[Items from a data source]
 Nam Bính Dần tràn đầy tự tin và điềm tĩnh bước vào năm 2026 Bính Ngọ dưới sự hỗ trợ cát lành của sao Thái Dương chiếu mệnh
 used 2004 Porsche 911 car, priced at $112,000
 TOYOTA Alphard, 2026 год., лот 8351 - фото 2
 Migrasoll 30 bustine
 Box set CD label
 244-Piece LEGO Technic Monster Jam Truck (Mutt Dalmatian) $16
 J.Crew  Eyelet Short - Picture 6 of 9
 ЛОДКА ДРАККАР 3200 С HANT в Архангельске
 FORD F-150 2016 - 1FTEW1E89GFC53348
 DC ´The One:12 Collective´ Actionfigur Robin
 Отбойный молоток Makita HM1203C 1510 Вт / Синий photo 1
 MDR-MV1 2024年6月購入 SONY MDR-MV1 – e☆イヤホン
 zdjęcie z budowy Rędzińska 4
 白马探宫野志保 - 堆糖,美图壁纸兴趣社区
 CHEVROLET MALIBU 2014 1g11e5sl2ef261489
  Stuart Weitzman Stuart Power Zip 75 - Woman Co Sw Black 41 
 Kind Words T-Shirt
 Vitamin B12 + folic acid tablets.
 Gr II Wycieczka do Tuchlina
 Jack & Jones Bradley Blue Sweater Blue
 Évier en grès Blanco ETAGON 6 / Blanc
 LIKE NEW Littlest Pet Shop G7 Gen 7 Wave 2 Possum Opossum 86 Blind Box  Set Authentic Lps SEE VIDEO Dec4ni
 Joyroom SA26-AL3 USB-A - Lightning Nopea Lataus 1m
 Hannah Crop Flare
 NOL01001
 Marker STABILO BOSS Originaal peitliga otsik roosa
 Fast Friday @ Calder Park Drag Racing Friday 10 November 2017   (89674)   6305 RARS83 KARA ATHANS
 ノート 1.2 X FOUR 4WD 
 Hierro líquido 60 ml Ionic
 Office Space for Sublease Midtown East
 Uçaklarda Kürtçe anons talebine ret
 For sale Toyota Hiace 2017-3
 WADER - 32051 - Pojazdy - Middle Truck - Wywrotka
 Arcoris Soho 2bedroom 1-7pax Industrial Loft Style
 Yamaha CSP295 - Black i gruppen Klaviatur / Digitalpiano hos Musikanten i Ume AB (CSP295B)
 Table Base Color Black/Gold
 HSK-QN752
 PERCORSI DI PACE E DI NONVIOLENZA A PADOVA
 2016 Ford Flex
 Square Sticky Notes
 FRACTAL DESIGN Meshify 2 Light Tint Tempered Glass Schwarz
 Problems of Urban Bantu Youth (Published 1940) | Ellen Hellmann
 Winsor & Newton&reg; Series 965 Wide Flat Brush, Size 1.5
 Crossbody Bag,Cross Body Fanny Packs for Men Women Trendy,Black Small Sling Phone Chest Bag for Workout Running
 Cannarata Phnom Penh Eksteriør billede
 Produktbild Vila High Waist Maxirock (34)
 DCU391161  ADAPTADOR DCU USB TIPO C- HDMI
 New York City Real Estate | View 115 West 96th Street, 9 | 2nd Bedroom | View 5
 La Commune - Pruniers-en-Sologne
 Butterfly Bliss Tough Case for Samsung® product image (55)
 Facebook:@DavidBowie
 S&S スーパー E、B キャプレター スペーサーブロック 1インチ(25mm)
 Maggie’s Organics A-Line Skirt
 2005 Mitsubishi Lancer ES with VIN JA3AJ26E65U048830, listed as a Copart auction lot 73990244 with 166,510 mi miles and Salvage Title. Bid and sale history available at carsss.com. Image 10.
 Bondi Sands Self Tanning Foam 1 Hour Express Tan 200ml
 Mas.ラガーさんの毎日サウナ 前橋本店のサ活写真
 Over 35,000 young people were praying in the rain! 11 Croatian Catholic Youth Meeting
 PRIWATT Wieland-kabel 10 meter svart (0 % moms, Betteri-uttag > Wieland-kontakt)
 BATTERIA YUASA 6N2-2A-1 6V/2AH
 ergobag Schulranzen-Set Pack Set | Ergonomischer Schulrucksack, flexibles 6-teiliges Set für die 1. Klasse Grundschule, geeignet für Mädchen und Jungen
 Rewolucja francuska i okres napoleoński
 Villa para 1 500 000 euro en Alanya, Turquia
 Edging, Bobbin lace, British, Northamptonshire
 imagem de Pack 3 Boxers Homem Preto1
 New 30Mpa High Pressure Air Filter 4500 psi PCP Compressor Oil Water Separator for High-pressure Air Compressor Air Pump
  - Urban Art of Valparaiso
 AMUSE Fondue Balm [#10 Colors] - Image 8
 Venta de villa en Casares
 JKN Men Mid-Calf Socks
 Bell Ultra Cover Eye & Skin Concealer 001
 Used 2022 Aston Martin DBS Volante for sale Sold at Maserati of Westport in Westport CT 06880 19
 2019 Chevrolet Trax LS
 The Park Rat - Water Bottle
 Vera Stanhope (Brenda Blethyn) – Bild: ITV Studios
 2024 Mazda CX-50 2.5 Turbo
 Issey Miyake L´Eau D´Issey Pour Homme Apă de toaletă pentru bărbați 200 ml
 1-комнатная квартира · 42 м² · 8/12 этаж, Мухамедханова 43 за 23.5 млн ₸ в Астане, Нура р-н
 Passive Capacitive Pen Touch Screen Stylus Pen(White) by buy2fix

→ WORK REQUEST
Gather up, from the records above, each line where the word "Water" appears.

→ REPLY TO THE EXERCISE
 New 30Mpa High Pressure Air Filter 4500 psi PCP Compressor Oil Water Separator for High-pressure Air Compressor Air Pump
 The Park Rat - Water Bottle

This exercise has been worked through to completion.